____ RECORDED DATA

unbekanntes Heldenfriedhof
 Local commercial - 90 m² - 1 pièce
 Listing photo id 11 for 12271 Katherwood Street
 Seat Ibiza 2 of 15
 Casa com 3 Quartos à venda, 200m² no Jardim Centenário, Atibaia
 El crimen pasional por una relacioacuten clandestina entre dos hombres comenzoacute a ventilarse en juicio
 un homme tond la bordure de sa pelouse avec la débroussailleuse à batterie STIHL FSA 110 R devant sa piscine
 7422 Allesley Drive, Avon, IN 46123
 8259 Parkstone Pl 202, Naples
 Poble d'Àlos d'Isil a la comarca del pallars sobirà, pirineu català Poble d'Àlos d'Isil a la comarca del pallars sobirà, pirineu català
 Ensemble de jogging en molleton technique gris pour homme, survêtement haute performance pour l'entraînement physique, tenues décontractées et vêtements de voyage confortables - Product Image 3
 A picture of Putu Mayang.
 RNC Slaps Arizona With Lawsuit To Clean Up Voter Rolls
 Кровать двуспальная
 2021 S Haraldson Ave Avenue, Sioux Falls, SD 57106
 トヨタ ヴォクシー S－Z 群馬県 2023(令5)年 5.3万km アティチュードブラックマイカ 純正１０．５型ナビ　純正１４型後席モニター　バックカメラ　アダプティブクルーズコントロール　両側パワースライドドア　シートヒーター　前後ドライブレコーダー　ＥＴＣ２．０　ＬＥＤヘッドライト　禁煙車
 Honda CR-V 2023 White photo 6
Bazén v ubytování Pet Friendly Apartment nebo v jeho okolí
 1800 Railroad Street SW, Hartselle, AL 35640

________

> [TASK OBJECTIVE]
Respond with only the number of lines in the records that include the word "photo".

> [WRITTEN SOLUTION]
2